Underpinning this surge in sales are efforts of researchers in academia and industry – this community is improving established devices and developing new ones. Some of their recent, major breakthroughs were detailed at the 68th IEEE International Electron Devices Meeting (IEDM), held from 3-7 December, 2022, at the Hilton San Francisco Union Square. At that gathering, engineers unveiled new records in power integration, success with high-voltage switches on sapphire substrates, the introduction of a hybrid gate that bolsters threshold-voltage stability, and a debut for the vertical GaN superjunction device.



Figure 1.Intel Component Research has progressed its high-κ GaN transistor (a) to designs with a gate-field plate (b) and a source-field plate (c).


Optimising field plates

Speaking at the latest IEDM, Intel Components Research Engineer Han Wui Then claimed new records in power integration, accompanied by a new benchmark in the RF. He and his colleagues have been working to improve the performance of GaN devices on a 300 mm silicon (111) platform through the introduction of a pair of scaled field plates.

Intel’s latest success builds on its previous breakthroughs in GaN-on-silicon technology. Back in 2019, the company’s Components Division reported the first industry process for 300 mm GaN-on-silicon, motivated by a desire to better the performance, efficiency and density beyond what is capable with established technologies, such as SOI, CMOS, SiGe, BiCMOS and GaAs/InP HBT/HEMT. The GaN-on-silicon technology they have developed, promising high data rates and the ability to aid 5G communication systems, has already led to claims of best-in-class performance. Previous presentations by Then and his co-workers championed the capability of this technology for voltages of 12 V or below, where it could be used for battery-powered RF front-end modules. That ceiling on the voltage has now been raised, with Then announcing at the latest IEDM that with the introduction of field plates, performance is now far, far better than that of incumbent technologies at up to 40 V.

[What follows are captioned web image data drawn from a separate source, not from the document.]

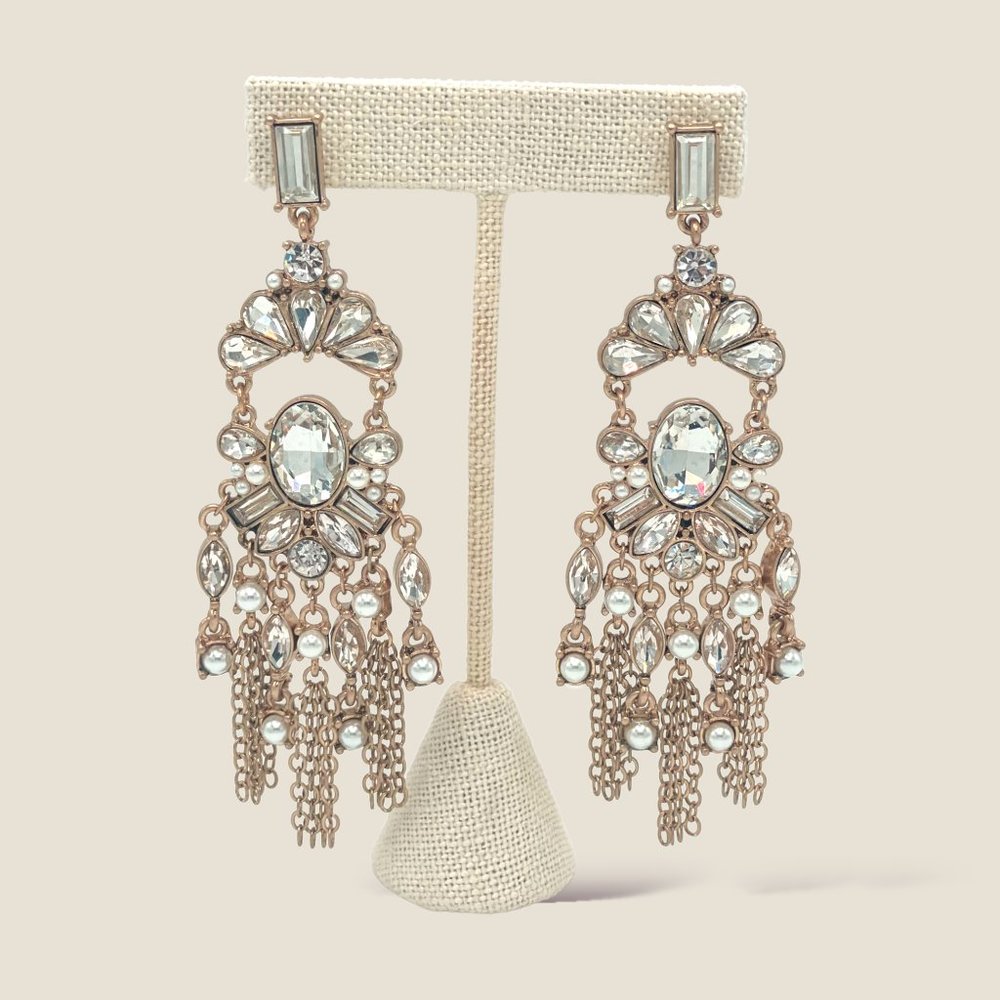 NEW Badgley Mischka Antique Gold Chain Tassel & Rhinestone Statement Earrings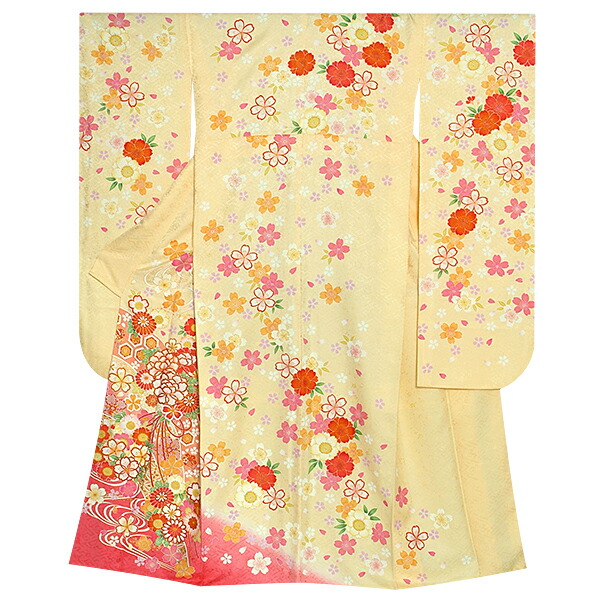 楽天市場】【成人式 振袖 レンタル】RS1061 正絹 クリーム 花くす玉に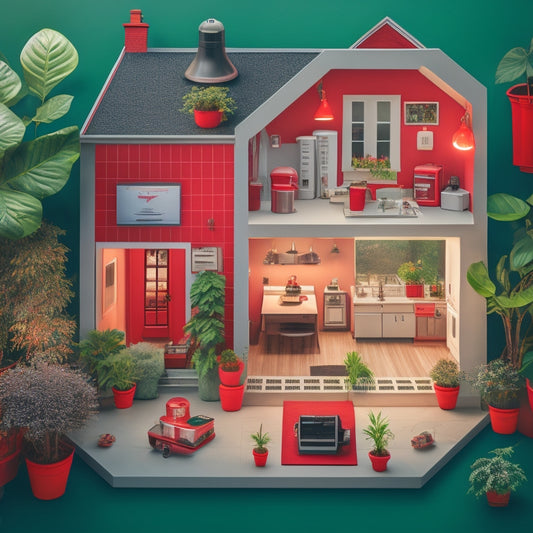 An illustration of a cozy, well-lit home with a slashed red utility bill on the floor, surrounded by energy-efficient appliances, LED bulbs, and a thermostat, amidst a green background with leaves and vines.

These field plates are added to a platform that is bringing Moore’s law to GaN, with fabrication of devices with dimensions on the nanoscale involving the use of atomic layer etching, as well as the atomic layer deposition of a dielectric gate. These processes are key to producing two devices: the enhancement-mode high-κ gate dielectric GaN transistor, and the D-mode Schottky GaN HEMT. The two types of transistor can be incorporated into circuits with an interconnect process that features four copper layers and enables tight integration of passives. There is also the opportunity for monolithic integration of GaN and CMOS technologies, using advanced chemical-mechanical polishing and cleaving processes.

For their latest work, Then and colleagues have investigated two different field plate architectures for enhancing device performance at higher drain voltages. One involves a gate field-plated and the other a source field-plate (see Figure 1 for details).

“What we conclude from our research is that the source-connected field plate can achieve the extension of the drain voltage to higher drain voltages, bringing the field plate closer to the 2D electron gas to exert control on the 2D electron gas, and finally scale the source field plate in order to minimise parasitics,” remarked Then.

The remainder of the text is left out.